Are you better to manage your investments yourself or should you select an investment advisor to assist? How do you choose the right advisor?

What is your allocation between investing in stocks or bonds? Should you diversify outside of Canada? Do you want to own stocks and bonds directly, or purchase a mutual fund that owns those assets?

Investing, like other important areas of life, requires decision-making. Let’s consider a couple of useful techniques that might assist with your decision-making.

A simple option is the pros-and-cons list. Compare your reasons for going ahead with a decision to those of why you shouldn’t.

You can enhance this list by giving a certain weight to specific criteria. For example, you could evaluate different advisors based on their communication ability, tax knowledge, or location of their office.

Emotions can be significant in decision-making, especially the fear of making a mistake.

You may prefer to own a select number of stocks, but what happens if one or two of those stocks perform very poorly?

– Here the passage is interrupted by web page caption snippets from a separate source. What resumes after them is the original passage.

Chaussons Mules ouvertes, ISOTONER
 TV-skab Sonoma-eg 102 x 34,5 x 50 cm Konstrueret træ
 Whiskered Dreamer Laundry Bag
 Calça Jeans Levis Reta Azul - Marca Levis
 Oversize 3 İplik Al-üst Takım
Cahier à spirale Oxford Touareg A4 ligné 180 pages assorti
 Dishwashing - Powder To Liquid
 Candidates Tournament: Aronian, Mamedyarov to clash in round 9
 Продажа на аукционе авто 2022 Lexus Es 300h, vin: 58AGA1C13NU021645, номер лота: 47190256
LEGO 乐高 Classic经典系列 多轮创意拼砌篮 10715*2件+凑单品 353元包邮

Are you better to own a mutual fund that owns hundreds of stocks in order to spread your risk?

Yes, this is safer, but it eliminates the possibility of investing heavily in a few stocks in the hope that one of them might have an extraordinary appreciation in value.

Decisions should be made based on what makes the most sense given your circumstances, combined with the information you have to evaluate your options at the time of that decision.

After you have made a decision what is your gut feeling? If you aren’t comfortable with your decision, go back and reevaluate the alternatives.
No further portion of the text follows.